• Exercise directions: The answer must be every line below that holds the word "House".
··· Record set ···
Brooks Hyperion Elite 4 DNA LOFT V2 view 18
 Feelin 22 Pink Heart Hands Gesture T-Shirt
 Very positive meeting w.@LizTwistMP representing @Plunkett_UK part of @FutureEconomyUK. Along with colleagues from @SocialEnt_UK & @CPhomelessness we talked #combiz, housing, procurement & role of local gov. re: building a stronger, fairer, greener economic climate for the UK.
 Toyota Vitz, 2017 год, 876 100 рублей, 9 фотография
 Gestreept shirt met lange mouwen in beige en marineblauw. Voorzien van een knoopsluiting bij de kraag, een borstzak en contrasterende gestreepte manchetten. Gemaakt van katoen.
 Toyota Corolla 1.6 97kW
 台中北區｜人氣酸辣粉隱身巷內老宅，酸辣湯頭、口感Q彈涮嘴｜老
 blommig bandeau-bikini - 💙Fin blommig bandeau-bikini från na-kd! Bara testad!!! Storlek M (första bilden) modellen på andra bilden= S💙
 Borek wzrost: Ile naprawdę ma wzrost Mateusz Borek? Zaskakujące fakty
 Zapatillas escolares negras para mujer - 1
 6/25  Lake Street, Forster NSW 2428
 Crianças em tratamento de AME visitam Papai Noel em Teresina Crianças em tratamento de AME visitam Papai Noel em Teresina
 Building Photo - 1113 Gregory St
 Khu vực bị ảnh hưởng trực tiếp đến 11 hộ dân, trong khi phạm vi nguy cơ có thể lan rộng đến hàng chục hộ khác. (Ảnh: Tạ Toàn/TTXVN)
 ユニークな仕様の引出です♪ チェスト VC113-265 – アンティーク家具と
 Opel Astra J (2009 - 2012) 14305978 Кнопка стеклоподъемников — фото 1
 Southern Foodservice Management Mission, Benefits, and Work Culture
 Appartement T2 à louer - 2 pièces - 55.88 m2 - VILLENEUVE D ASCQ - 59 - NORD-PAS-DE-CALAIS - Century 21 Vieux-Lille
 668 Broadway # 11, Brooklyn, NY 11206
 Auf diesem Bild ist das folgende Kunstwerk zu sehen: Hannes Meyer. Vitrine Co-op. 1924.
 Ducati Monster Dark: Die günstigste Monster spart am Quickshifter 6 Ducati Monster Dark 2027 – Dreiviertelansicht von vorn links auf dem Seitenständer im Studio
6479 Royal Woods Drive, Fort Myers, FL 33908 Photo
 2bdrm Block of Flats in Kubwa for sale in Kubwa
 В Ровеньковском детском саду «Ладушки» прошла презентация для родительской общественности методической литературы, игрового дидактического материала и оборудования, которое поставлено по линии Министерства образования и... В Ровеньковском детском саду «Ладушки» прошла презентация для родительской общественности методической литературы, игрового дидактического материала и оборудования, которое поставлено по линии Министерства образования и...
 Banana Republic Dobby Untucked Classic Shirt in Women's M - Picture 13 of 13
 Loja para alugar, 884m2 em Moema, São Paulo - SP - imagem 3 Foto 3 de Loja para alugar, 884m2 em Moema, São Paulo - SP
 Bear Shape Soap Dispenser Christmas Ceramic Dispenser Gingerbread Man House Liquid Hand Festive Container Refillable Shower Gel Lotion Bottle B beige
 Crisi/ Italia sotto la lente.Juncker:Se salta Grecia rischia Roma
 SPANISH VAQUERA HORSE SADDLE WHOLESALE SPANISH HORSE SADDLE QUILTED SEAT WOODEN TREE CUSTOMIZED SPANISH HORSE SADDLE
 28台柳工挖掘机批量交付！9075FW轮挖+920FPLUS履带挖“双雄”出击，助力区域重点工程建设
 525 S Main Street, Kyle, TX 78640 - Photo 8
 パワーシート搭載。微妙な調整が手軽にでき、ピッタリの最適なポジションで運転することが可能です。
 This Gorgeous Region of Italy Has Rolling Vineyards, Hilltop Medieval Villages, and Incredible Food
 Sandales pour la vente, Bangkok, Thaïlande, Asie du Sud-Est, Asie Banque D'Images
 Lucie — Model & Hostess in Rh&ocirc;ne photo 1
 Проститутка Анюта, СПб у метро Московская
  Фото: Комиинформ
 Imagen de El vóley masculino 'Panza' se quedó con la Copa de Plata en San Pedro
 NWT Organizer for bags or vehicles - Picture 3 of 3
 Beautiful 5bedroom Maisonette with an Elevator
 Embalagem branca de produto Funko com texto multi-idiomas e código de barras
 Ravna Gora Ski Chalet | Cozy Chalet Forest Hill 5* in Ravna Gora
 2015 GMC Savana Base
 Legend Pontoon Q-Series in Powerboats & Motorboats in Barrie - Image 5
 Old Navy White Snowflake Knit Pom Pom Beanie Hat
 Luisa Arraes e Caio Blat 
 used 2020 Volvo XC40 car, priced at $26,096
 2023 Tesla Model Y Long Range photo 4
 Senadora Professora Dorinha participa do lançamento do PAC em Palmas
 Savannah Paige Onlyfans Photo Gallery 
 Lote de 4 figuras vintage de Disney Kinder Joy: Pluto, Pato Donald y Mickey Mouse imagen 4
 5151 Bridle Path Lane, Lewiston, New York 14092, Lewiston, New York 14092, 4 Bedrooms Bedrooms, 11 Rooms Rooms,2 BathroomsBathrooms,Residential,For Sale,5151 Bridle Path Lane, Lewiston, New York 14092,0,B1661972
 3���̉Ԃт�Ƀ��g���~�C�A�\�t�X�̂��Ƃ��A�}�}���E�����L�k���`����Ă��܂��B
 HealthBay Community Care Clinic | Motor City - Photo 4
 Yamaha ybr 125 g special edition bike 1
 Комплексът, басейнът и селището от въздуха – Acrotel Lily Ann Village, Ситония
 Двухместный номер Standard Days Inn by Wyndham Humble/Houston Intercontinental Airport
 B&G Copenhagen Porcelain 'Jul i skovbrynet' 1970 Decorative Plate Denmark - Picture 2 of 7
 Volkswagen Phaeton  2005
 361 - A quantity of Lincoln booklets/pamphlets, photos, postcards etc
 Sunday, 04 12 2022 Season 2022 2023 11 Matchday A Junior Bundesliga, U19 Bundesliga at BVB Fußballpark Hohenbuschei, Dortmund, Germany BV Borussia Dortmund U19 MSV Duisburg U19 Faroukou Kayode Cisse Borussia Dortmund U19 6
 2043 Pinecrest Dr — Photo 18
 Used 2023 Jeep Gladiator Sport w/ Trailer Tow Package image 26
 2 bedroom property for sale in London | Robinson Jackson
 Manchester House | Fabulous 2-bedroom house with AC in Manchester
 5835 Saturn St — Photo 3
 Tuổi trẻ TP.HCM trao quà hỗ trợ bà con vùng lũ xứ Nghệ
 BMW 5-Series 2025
···
• Your solution:
 Bear Shape Soap Dispenser Christmas Ceramic Dispenser Gingerbread Man House Liquid Hand Festive Container Refillable Shower Gel Lotion Bottle B beige
 Manchester House | Fabulous 2-bedroom house with AC in Manchester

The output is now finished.